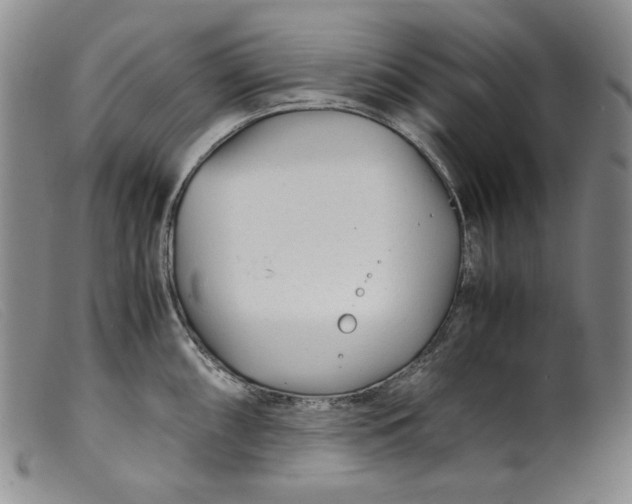 X0000099431098200805231647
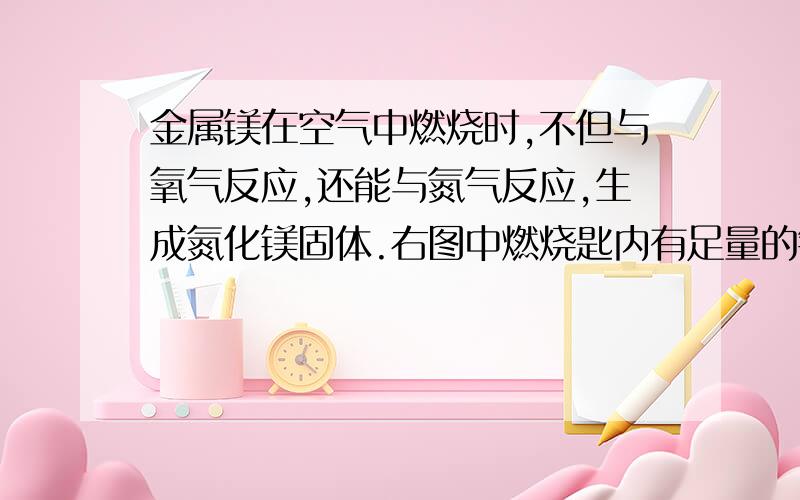 金属镁在空气中燃烧时,不但与氧气反应,还能与氮气反应,生成氮化镁固体.右图中燃烧匙内有足量的镁条,带反应冷却后,打开弹簧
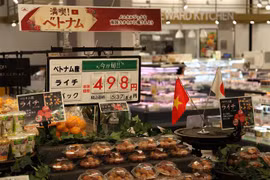 Quầy bày bán vải thiều Việt Nam tại siêu thị AEON Nhật Bản. (Ảnh: Đào Thanh Tùng/TTXVN)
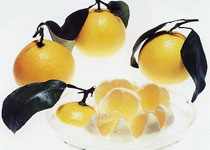 日向夏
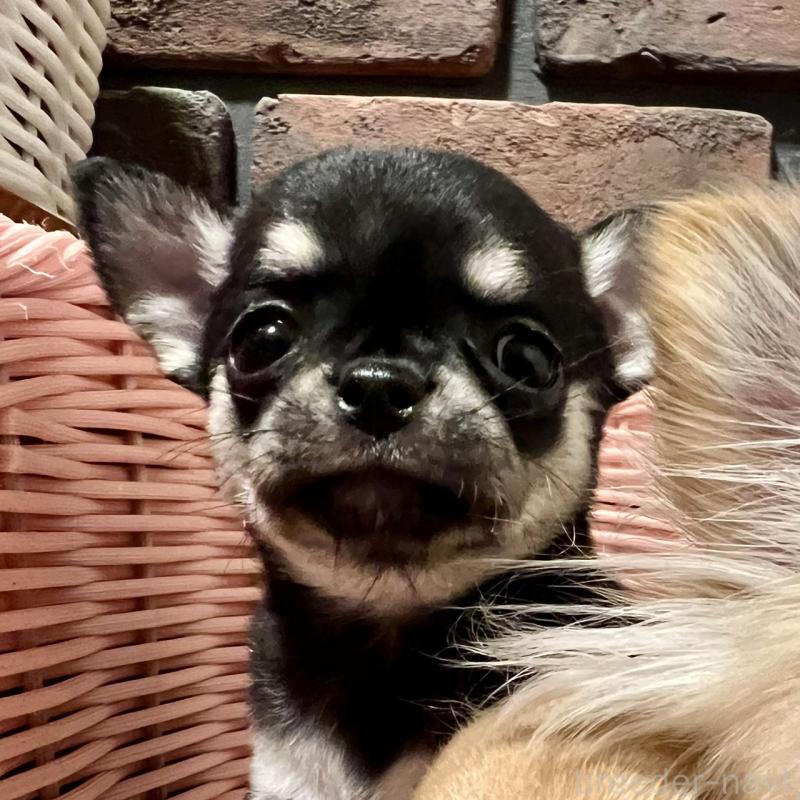 販売中の徳島県のチワワ(スムースコート)-441251の1枚目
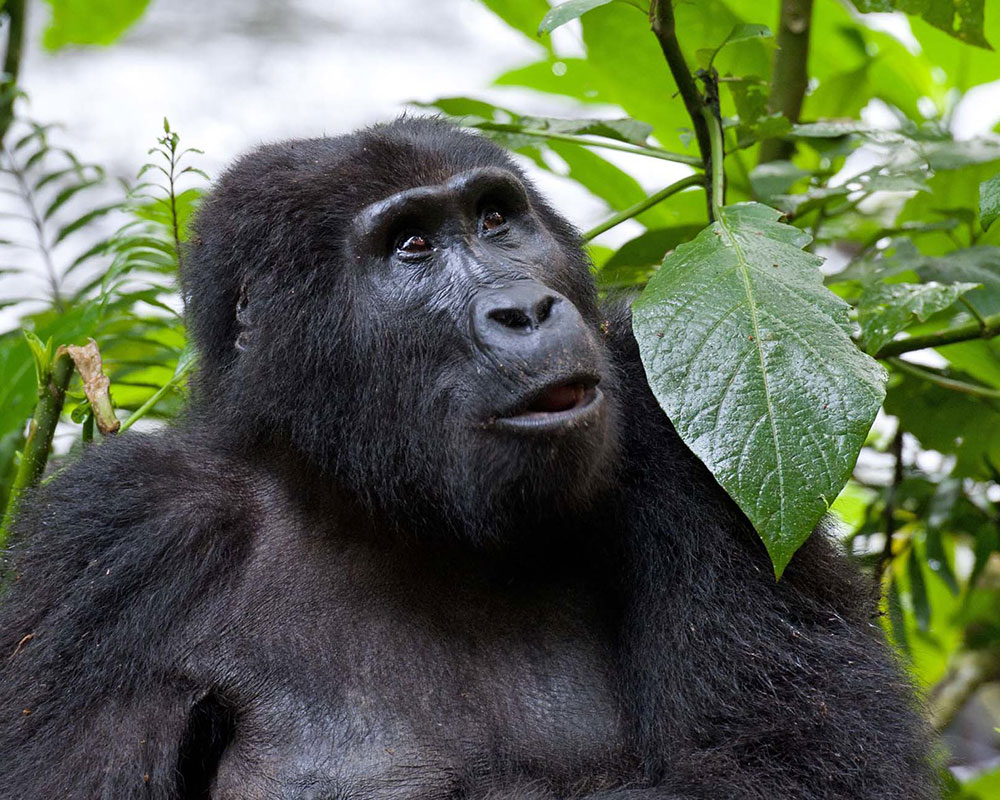 5 Days Gorilla and Wildlife Safari in Uganda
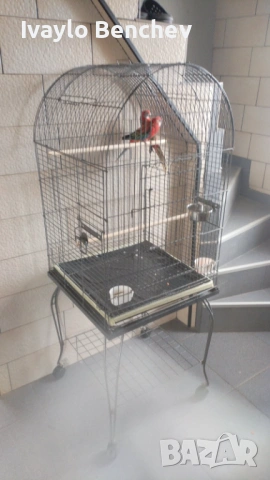 Папагали с кафеза , снимка 3 - Папагали - 53695991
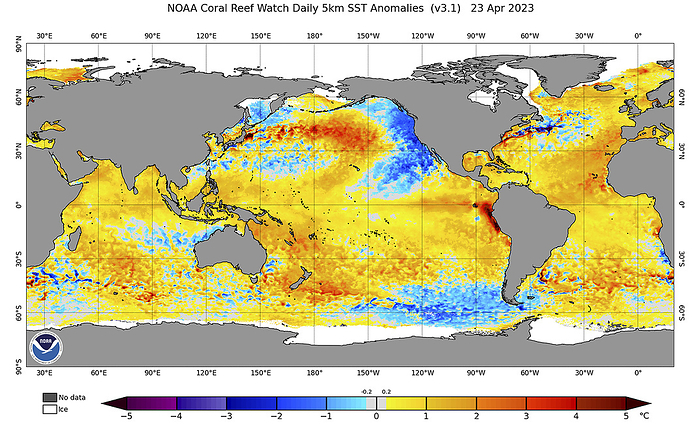 Global coral reef heat stress anomalies 2023 Global coral reef heat stress anomalies on 23 April 2023. The Coral Reef Watch program, run by the National Oceanic and Atmospheric Administration  NOAA , uses satellite data to track current environmental conditions of coral reefs. This helps identify areas at risk of coral bleaching, which occurs when corals lose their symbiotic algae and their distinctive colours due to heat stress. If coral is severely bleached, it can lead to disease and partial mortality, and the entire colony may die. The sea surface temperature scale ranges from  5 to  5 degrees Celsius. Positive numbers mean the temperature is warmer than average and negative means cooler than average., by NOAA SCIENCE PHOTO LIBRARY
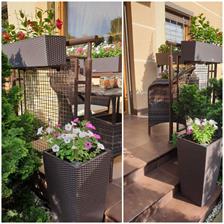 Lechuza Balconera Cottage 80 brązowy mokka 3-15615
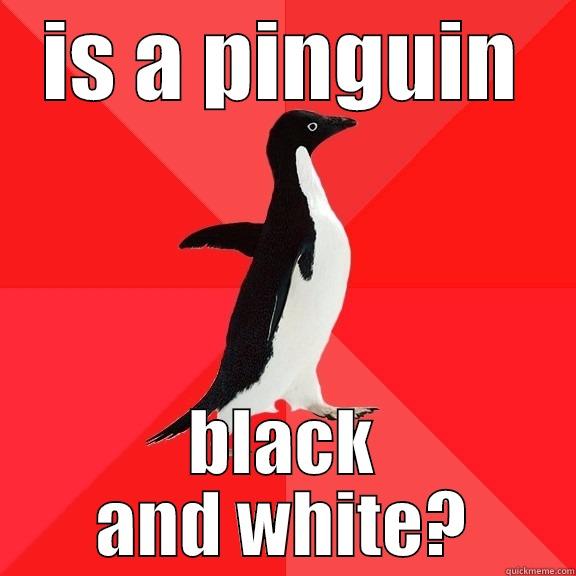 IS A PINGUIN BLACK AND WHITE? Socially Awesome Penguin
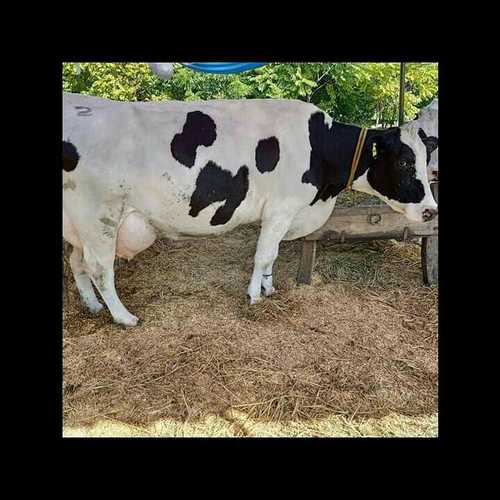 Best Hf Cow Supplier In Haryana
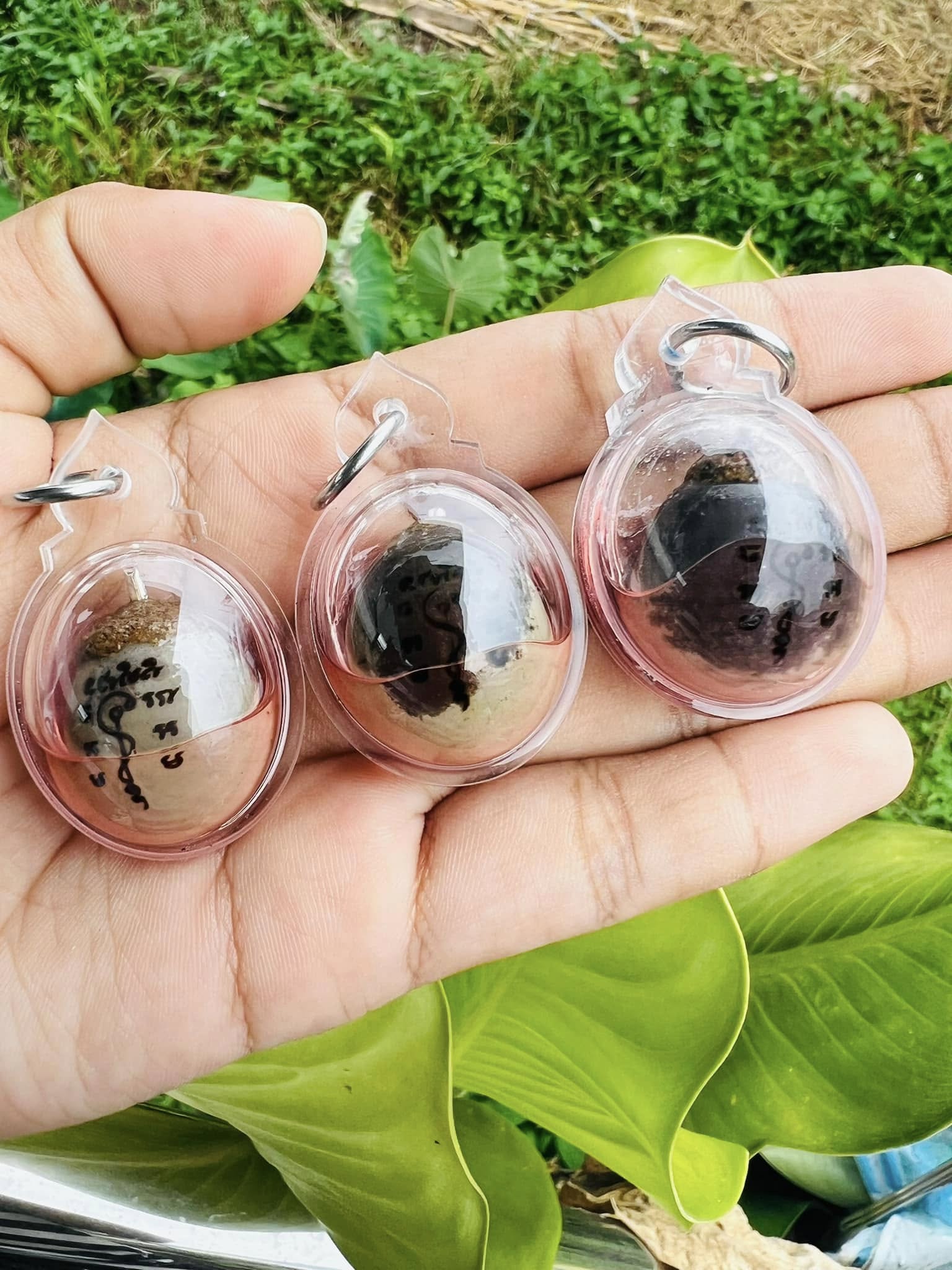 Hand holding three Luuk Sawat sacred charm amulets in clear plastic cases over green foliage background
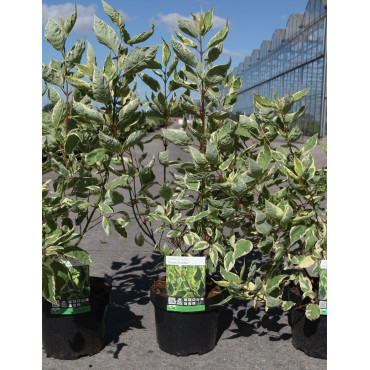 CORNUS alba CREAM CRACKER - Cornouiller blanc En pot de 3-4 litres buisson hauteur 040-060 cm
•••••
**Task statement**.
Would you copy the lines from the one holding "Hand holding three" down to the last line of the material, both included, exactly and with nothing added, skipping the pictures?

**The completed task**.
 Hand holding three Luuk Sawat sacred charm amulets in clear plastic cases over green foliage background
 CORNUS alba CREAM CRACKER - Cornouiller blanc En pot de 3-4 litres buisson hauteur 040-060 cm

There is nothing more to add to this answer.